[[ THE INPUT, beginning ]]

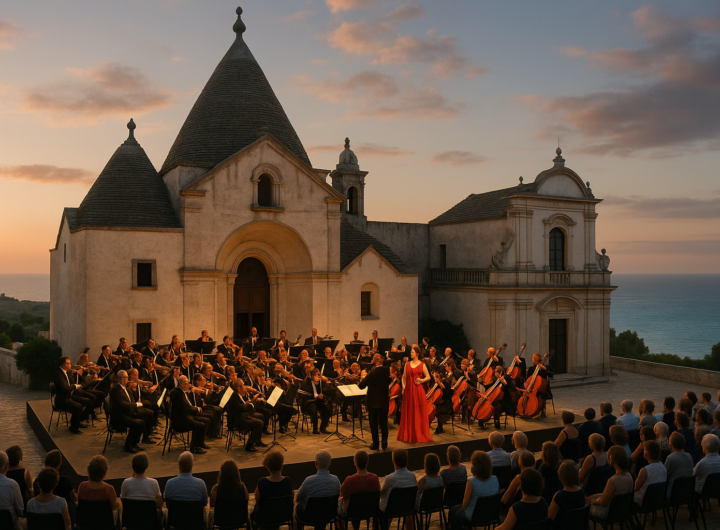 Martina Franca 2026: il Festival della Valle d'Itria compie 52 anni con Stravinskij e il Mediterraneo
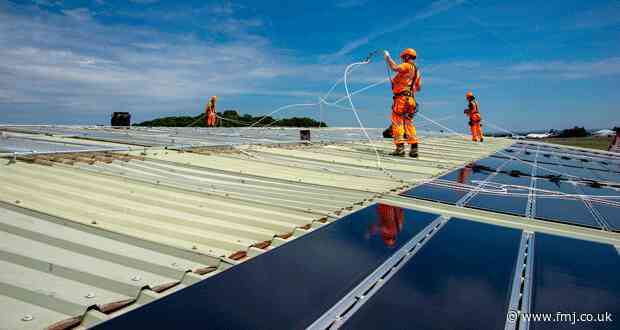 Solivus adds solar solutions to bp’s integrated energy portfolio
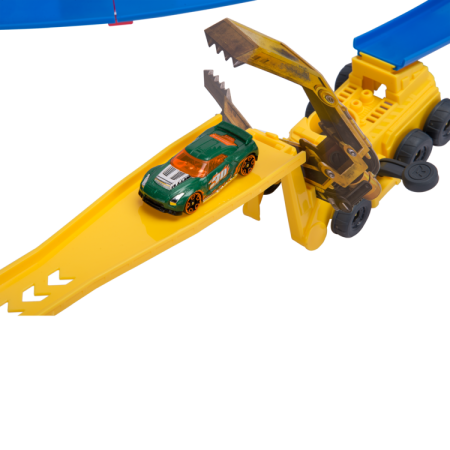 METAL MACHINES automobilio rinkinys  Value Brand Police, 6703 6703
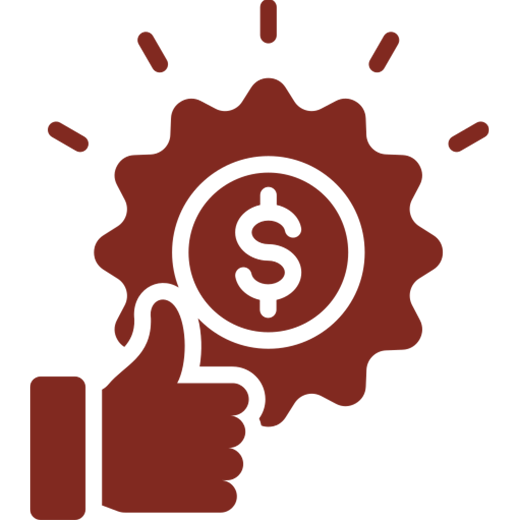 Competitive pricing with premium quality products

[[ THE INPUT, end ]]
[[ THE INPUT, beginning ]]

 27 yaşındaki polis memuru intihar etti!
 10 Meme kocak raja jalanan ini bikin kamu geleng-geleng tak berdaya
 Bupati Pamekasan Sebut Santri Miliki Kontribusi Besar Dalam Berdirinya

[[ THE INPUT, end ]]
[[ THE INPUT, beginning ]]

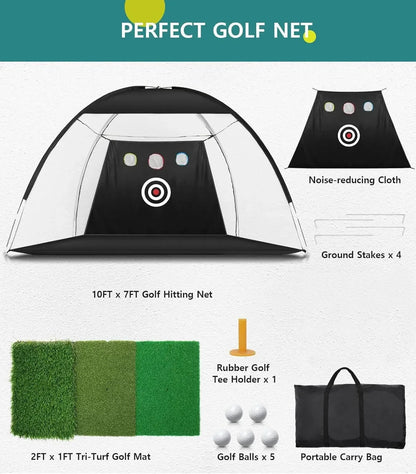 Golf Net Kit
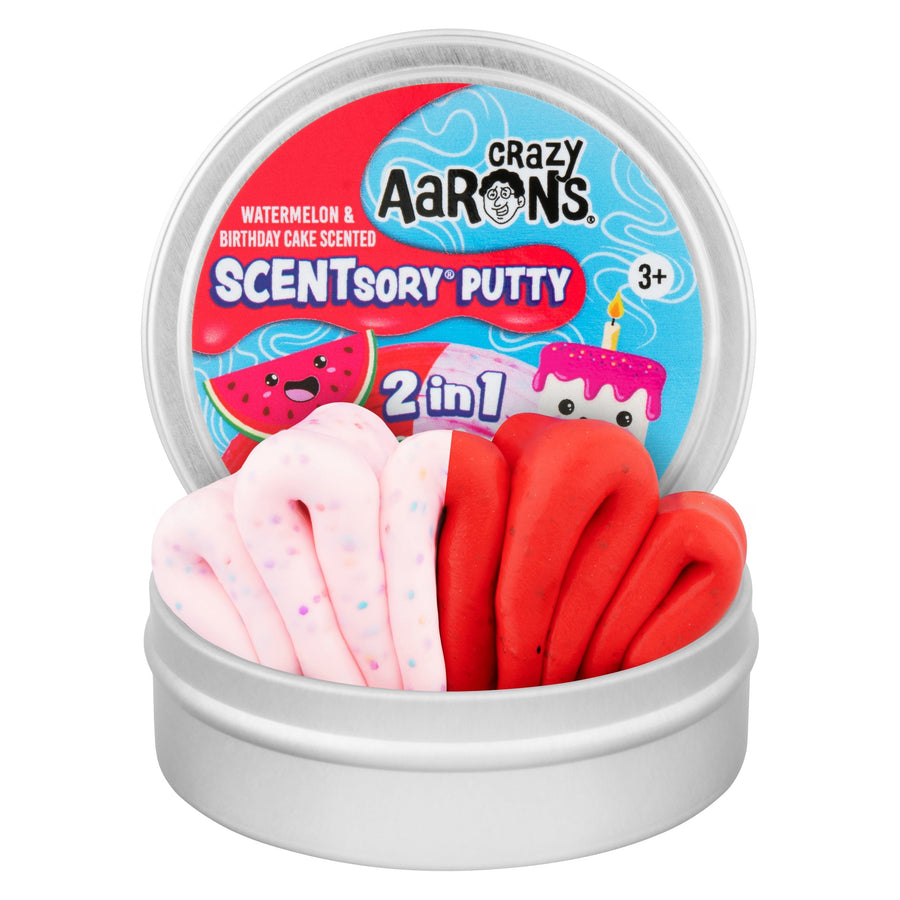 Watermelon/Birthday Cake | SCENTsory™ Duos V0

[[ THE INPUT, end ]]

TASK PROMPT: When you reach the line containing "27 yaşındaki polis memuru intihar etti!" in the data above, start copying exactly, and stop after the line containing "Bupati Pamekasan Sebut".

ANSWER TO THIS PROBLEM:
 27 yaşındaki polis memuru intihar etti!
 10 Meme kocak raja jalanan ini bikin kamu geleng-geleng tak berdaya
 Bupati Pamekasan Sebut Santri Miliki Kontribusi Besar Dalam Berdirinya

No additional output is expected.